The interface database 140 is maintained, based on the configuration database 110 (FIG. 5) of defining the configuration information of the network apparatus 100. The information defined in the lines C3 through C5 in the configuration information described above with reference to FIG. 5 is registered in an entry E1 of the interface database 140. Similarly the information defined in the lines C6 through C8 and the information defined in the lines C9, C10, and C12 in the configuration information of FIG. 5 are registered in an entry E2 and in an entry E3. On reception of a packet at one of the interfaces 131 through 133, the packet forwarding processor 150 refers to the registries in the interface database 140 to specify a routing table as a search object for determining the forwarding destination of the received packet. The details of this procedure will be described later.

FIG. 7 is an explanatory diagrammatic representation of a processing flow for creating the VRF1 routing table 121 and the VRF2 routing table 122. At step S101, the first OSPF processor 161 performs OSPF protocol operations (packet sending and receiving operations) with the router 401 (not shown in FIG. 7) to establish route information between the network apparatus 100 and the router 401. At step S102, the first OSPF processor 161 stores the established route information into the VRF1 routing table 121. Such storage is ascribed to the operation of the first OSPF processor 161 at the interface 131 and the membership of the interface 131 to the first VRF network (lines C3 to C5 and lines C13 to C15 in FIG. 5).
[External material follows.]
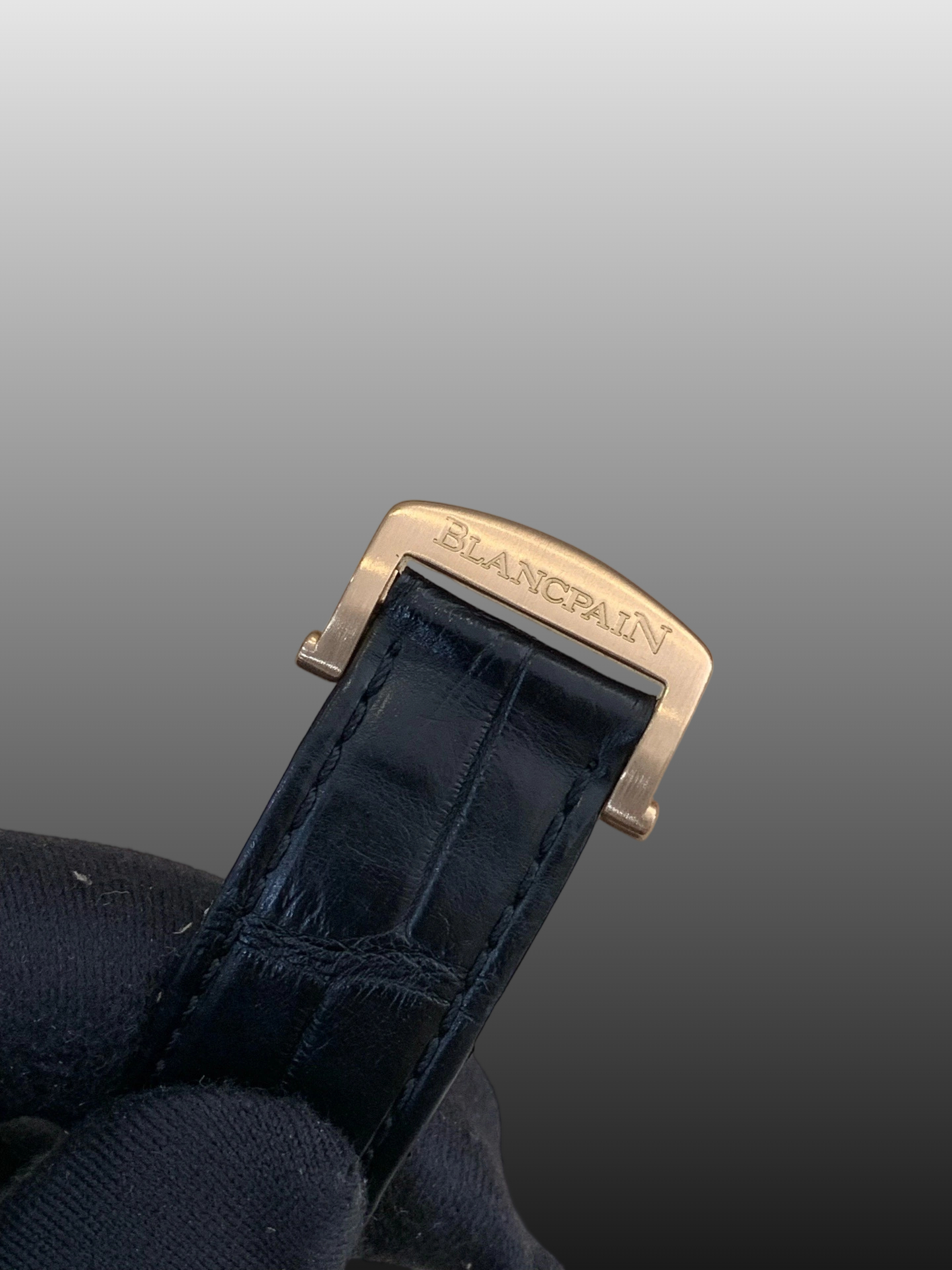 Blancpain 2850a-3630-64B detail 4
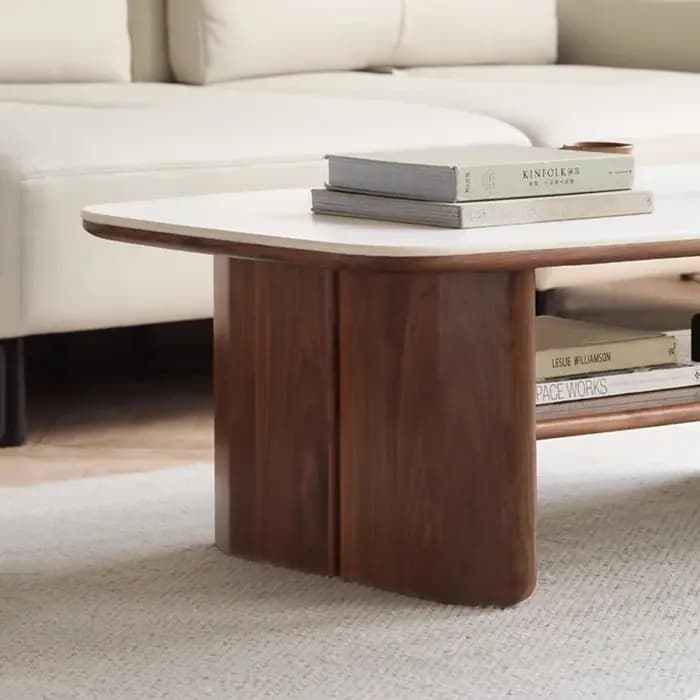 Table Basse rétro minimaliste beauté moderne Unique Glamour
At step S111, the second OSPF processor 162 performs OSPF protocol operations with the router 402 (not shown in FIG. 7) to establish route information between the network apparatus 100 and the router 402. At step S112, the second OSPF processor 162 stores the established route information into the VRF2 routing table 122. Such storage is ascribed to the operation of the second OSPF processor 162 at the interface 132 and the membership of the interface 132 to the second VRF network (lines C6 to C8 and lines C17 to C19 in FIG. 5).
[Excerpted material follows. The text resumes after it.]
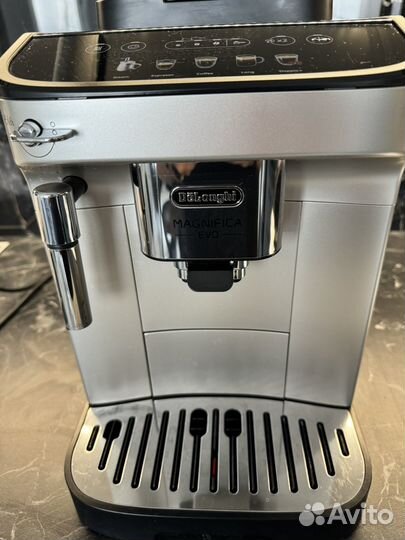 Кофемашина delonghi magnifica evo ecam 290.31.sb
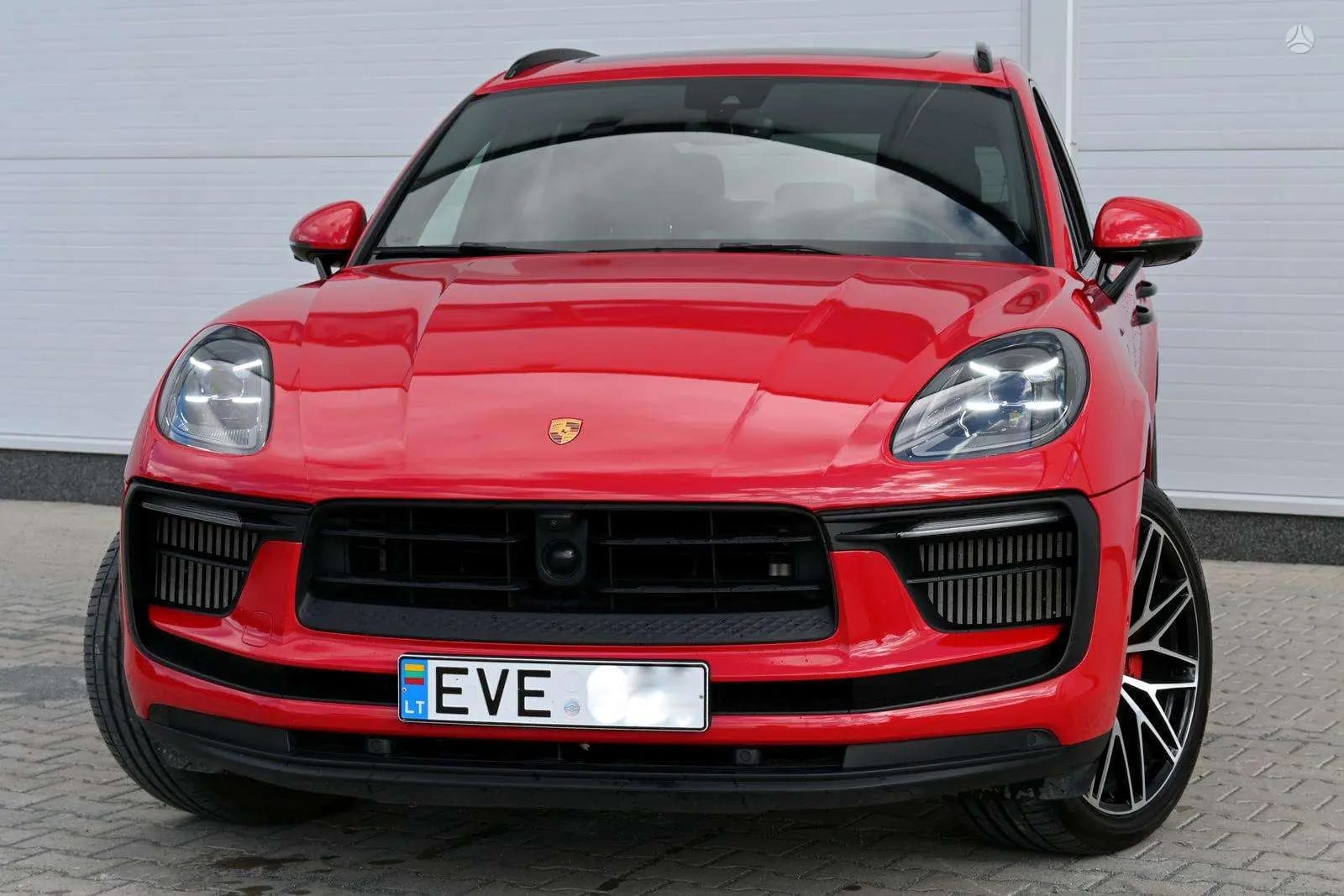 Porsche Macan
At step S121, the direct route controller 160 performs, for example, ARP processing to read information on the apparatus (host 301) connected to the interface 133, from the interface 133 and establish route information. At step S122, the direct route controller 160 stores a direct route for the first VRF into the VRF1 routing table 121. Specifically the direct route controller 160 stores the IP address of the interface 131, the IP address of the apparatus connected to the interface 131 via the line, the IP address of the interface 133, and the IP address of the apparatus (host 301) connected to the interface 133 via the line into the VRF1 routing table 121. Such storage is ascribed to the membership of the interfaces 131 and 133 to the first VRF network (lines C3, C4, C9, and C10 in FIG. 5).

At step S123, the direct route controller 160 stores a direct route for the second VRF into the VRF2 routing table 122. Specifically the direct route controller 160 stores the IP address of the interface 132, the IP address of the apparatus connected to the interface 132 via the line, the IP address of the interface 133, and the IP address of the apparatus connected to the interface 133 via the line into the VRF2 routing table 122. Such storage is ascribed to the membership of the interface 132 to the second VRF network (lines C6 and C7 in FIG. 5) and a changeover to the second VRF on detection of a failure according to the status monitor rule 50 (lines C9 and C11 in FIG. 5).

A process of making direct routes for the interface 131 and the interface 132 and a process of establishing route information representing IP addresses set in the respective interfaces by the configuration database 110 are omitted from the illustration of FIG. 7.

FIG. 8 is an explanatory diagrammatic representation of one example of the settings in the VRF1 routing table 121 based on the registries in the interface database 140 of FIG. 6. The VRF1 routing table 121 has a destination IP address field, a subnet mask length field, a next hop IP address field, and an output interface field. The destination IP address field has registries of a destination IP address. The subnet mask length field has registries of a subnet mask. The next hop IP address field has registries of an IP address of an apparatus as a next packet forwarding location to forward a packet from the network apparatus 100. The output interface field has registries of an identifier of an output interface to output a packet by the packet forwarding processor 150.

The VRF1 routing table 121 stores information on each specific interface having the registry of ‘1’ in the VRF number field of the interface database 140, information on each apparatus connected to the specific interface via a line, and the route information of the first VRF established by the first OSPF processor 161 (step S101 in FIG. 7). Namely the VRF1 routing table 121 stores information on the interfaces 131 and 133, the router 401, the primary server 201, and the host 301.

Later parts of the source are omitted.